This Australian computer was in fact built and conceived in Hong Kong by Soundic Electronics, which produced a lot of low-end products at that time.
The high-resolution (256 x 192) can only be accessed with at least a 16k RAM extension.
The Basic (SD-Basic 2.0) is supplied on a ROM cartridge, it allowed to display up to 32 sprites.
The Pencil II also came with an interesting expansion cartridge. The regular cartridge port was the exact same size as a Colecovision cartridge, and when you plugged the "Colecvision Support" cartridge into the side of the unit, it played regular Colecvision games.

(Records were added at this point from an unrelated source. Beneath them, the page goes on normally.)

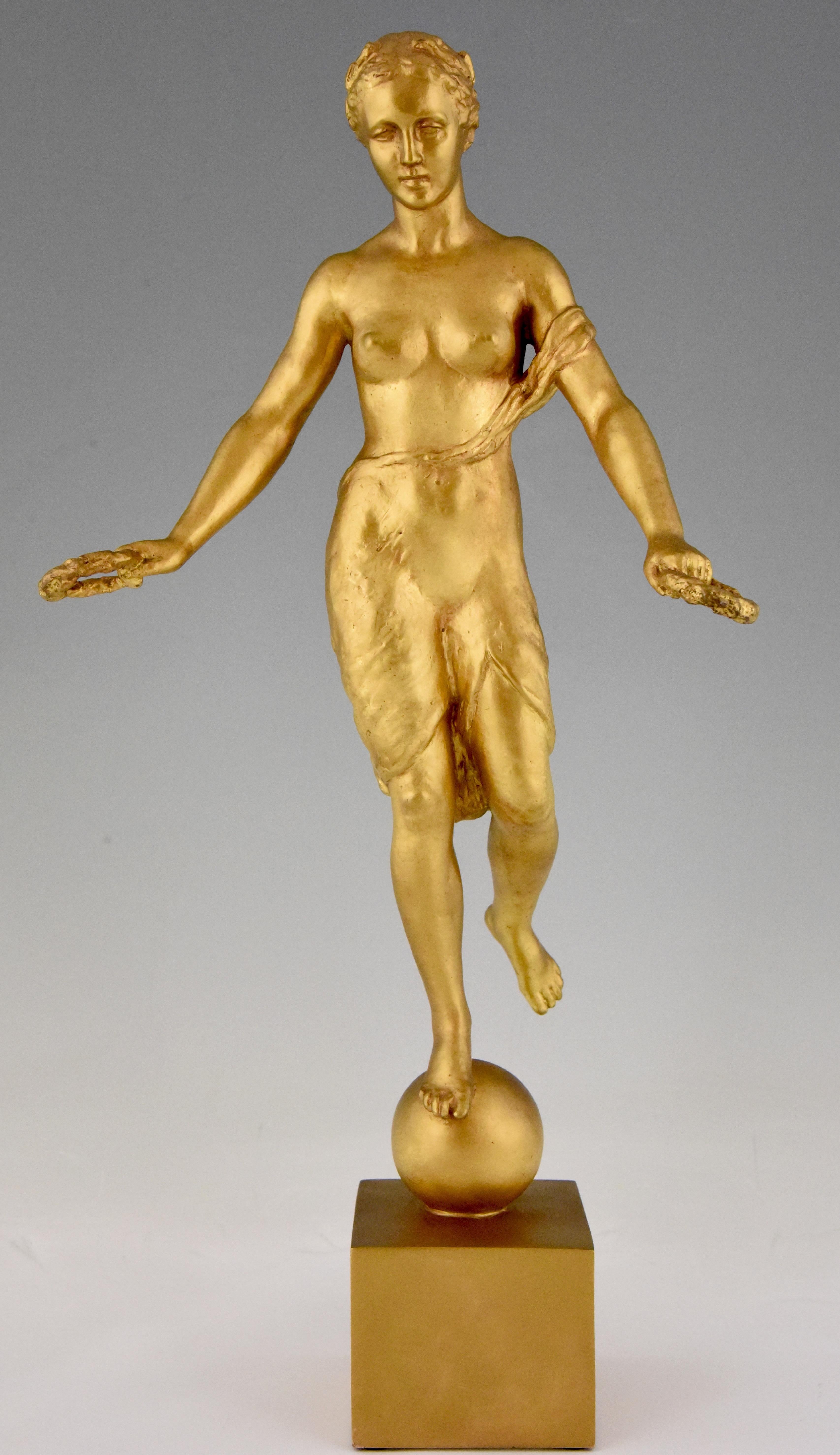 Art Deco sculpture of a semi nude balancing on a ball holding 2 laurel wreaths signed Hann Cauer with founders' signature H. Noack Berlin. Germany, dated 1934.
Literature: 
“Dictionnaire des peintres, sculpteurs, dessinateurs et graveurs” by E.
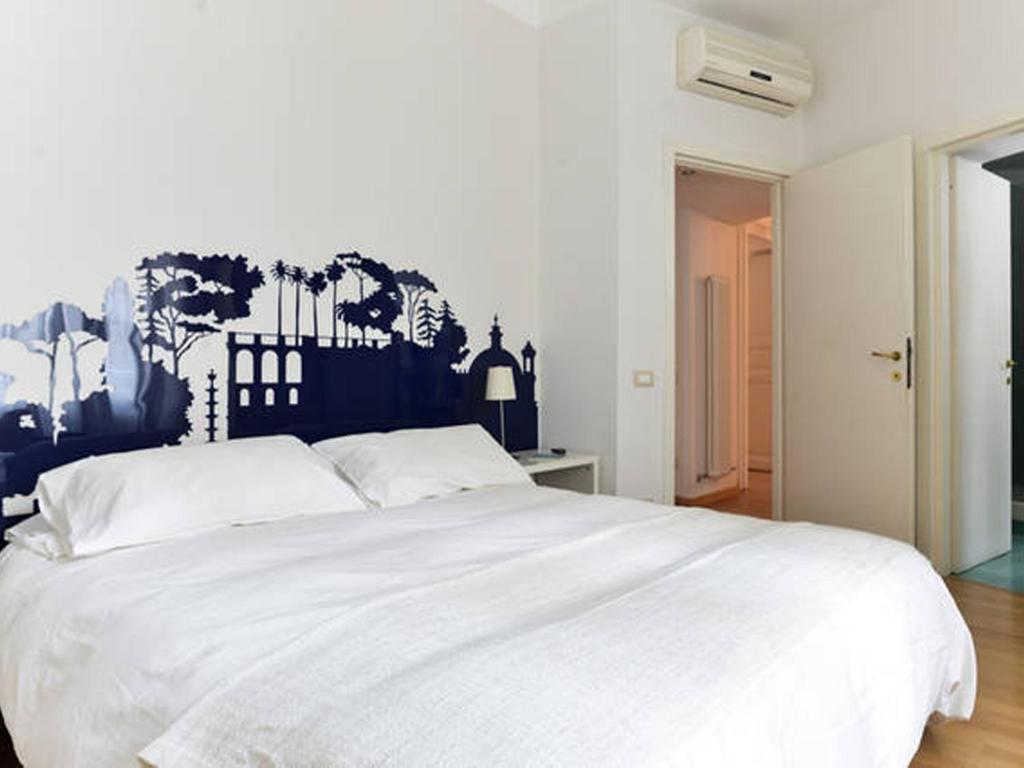 um quarto com uma cama branca e um mural na parede em Viadelloca35 em Roma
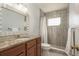 Clean bathroom with granite countertop, walk-in shower, and updated vanity at 2451 Canadian Way # 47, Clearwater, FL 33763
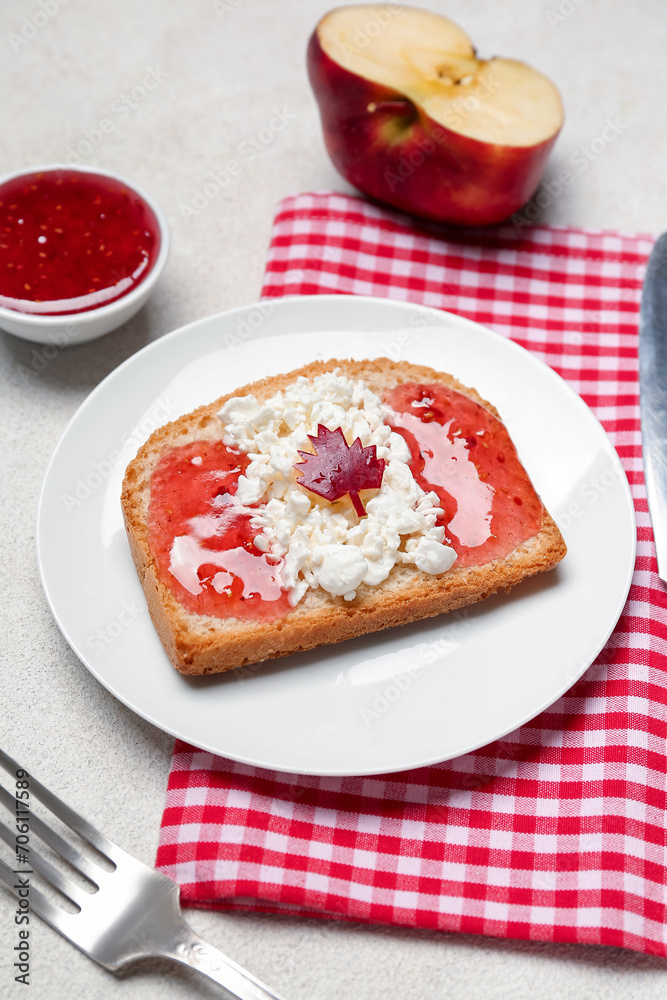 Table setting with tasty toast on white background, closeup. Canadian flag concept Table setting with tasty toast on white background, closeup. Canadian flag concept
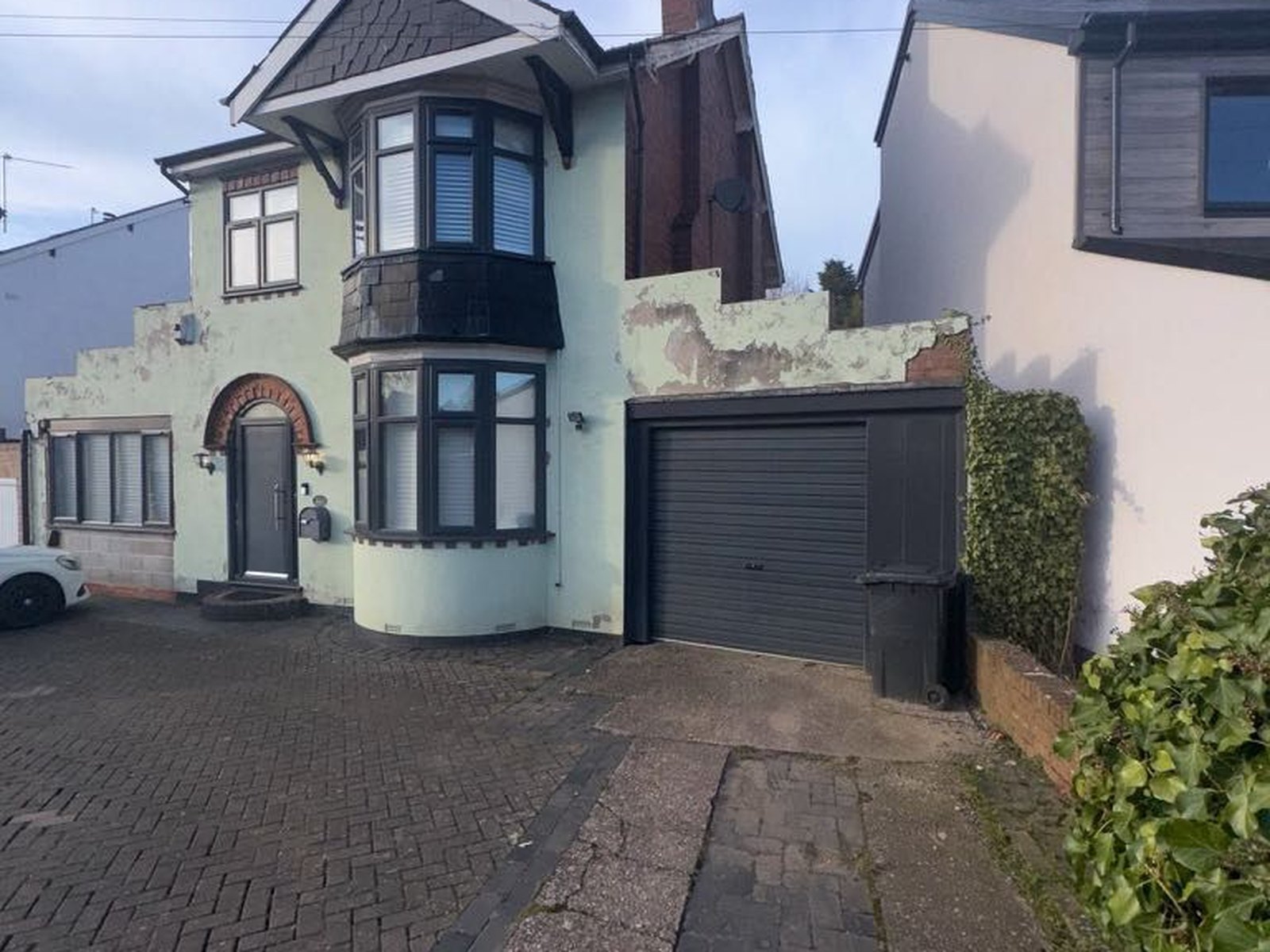 Detached house with cracked and peeling green painted render before the work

Unfortunately, very few games and applications were developped and the Pencil II quickly fell into oblivion...
We need more info about this pong ! If you designed, used, or have more info about this system,
please send us pictures or anything you might find useful.
I had one of these computers back in 1984. I learned BASIC programming which set me up for what was to come. I owe my current level of computer and software literacy, especially with MS Excel, to the Pencil II computer. It did come with some very basic programmes and games, the BASIC programming for which, were so large, that the running speed was excruciatingly slow and they were virtually unusable.
I managed to write a few flying/bombing type games which ran a lot faster than those originally supplied. I also wrote a few display type programmes, one of which was for the local radio station. The Pencil II really was pretty good for that.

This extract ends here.